Bisland, d'autre part, n'était pas intéressée par l'auto-promotion, mais a découvert qu'elle adorait voyager et était profondément impressionnée par les Britanniques. La société de classe stratifiée lui rappelait le vieux sud des États-Unis et elle se retrouvait attirée par les Anglais partout où elle allait. Elle n'emballa pas la lumière et était moins intéressée par l'aspect compétitif que Bly. Et contrairement à Bly, son voyage semble avoir été saboté; en France, un homme mystérieux prétendant être un agent de voyages l'informa que le navire qu'elle était supposée prendre ne l'avait pas attendue (même s'il l'avait obligée), l'obligeant à changer de route et à perdre du temps.
Bly a gagné environ 4 jours après avoir quitté le train à Hoboken, dans le New Jersey, pour rejoindre une foule immense et une célébrité nationale immédiate. Quelques jours plus tard, Bisland entra dans une foule beaucoup moins nombreuse et n'atteindra jamais, à son grand plaisir, la notoriété de Bly. Les deux, pendant quelques mois, ont été les personnes les plus rapides à avoir jamais fait le tour de la Terre.
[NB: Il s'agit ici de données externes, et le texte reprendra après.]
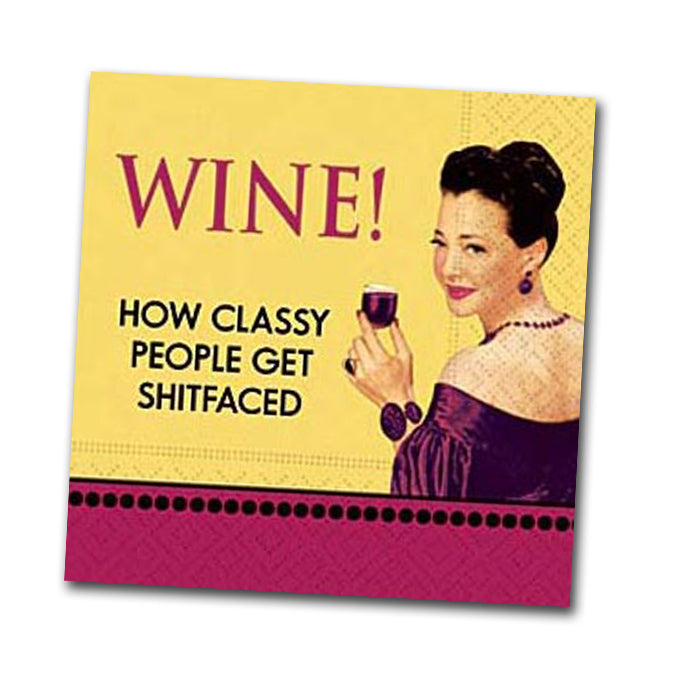Wine! Classy People Funny Cocktail Napkins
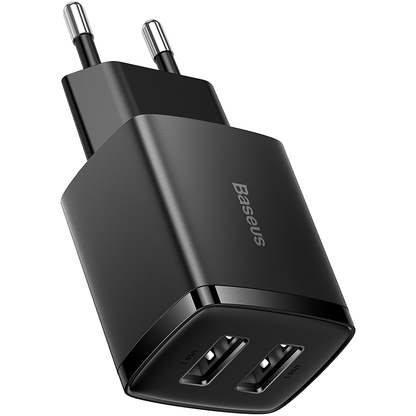 Baseus Compact Network Charger, 10.5W, 2.1A, 2 x USB-A, Black CCXJ010201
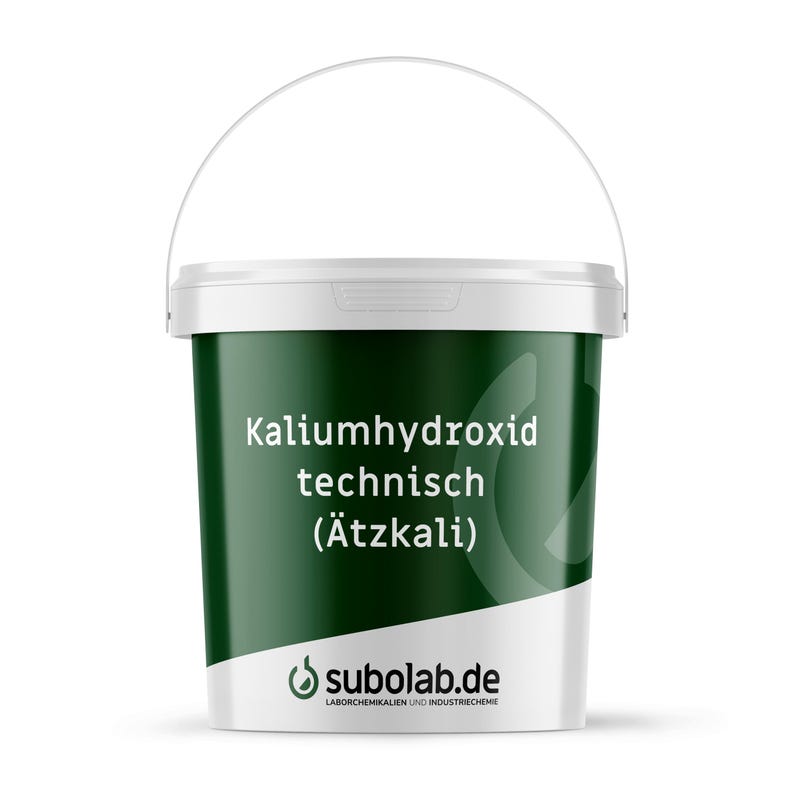 Kaliumhydroxid (KOH) technisch, auch Ätzkali genannt, in Laborqualität erhältlich von 500 g bis 25 kg. Vielseitig einsetzbar in der Seifenherstellung, chemischen Industrie und Laboranwendungen. Hochreines, stark ätzendes Pulver für zuverlässige Reaktionen und hochwertige Produktqualität.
Les premiers «influenceurs» de Travel
La renommée de Bly a entravé sa carrière. Il est impossible, après tout, d’être un journaliste sous couverture lorsque votre visage est connu de presque tout le monde. Alors que la couverture de son voyage donnait à The World son nombre de tirages le plus élevé jamais enregistré, elle n’a jamais été indemnisée pour cela, et elle a été contrainte de vivre des revenus d’un livre et d’une tournée de conférences. Elle a sombré dans la dépression et n'a jamais réussi à retrouver ce niveau de gloire, tout en défendant les droits des travailleurs et des pauvres pour le restant de ses jours.
Bisland est initialement revenue à sa vie tranquille au Cosmopolitan, mais a découvert qu'elle avait été mordue par le virus du voyage. Elle est donc rentrée au Royaume-Uni, où elle avait à peine passé tout son temps lors de son précédent voyage, où elle a rencontré son mari.. Les deux hommes deviendraient des voyageurs prolifiques, et toucheraient bon nombre des endroits où elle était allée lors de son voyage initial, mais à un rythme plus lent.
Beaucoup de choses ont changé depuis la course de Bly et Bisland, et pas encore: les voyages sont devenus presque incroyablement plus rapides qu’il ya 130 ans et, avec les médias sociaux, encore plus de public. Mais les voyageuses seules doivent encore entendre des commentaires sarcastiques sur les bagages et des remarques condescendantes sur la sécurité. Les célèbres voyageuses sont désormais connues comme des «influenceuses» et doivent encore surmonter l'admiration et le jugement de la société qui les suit. Mais, comme Bly et Bisland l’ont tous deux réalisé à la fin de leur voyage, c’est le voyage qui compte, pas la publicité qui va avec. Vous pouvez être jugé pour ce que vous faites, mais vous le faites quand même.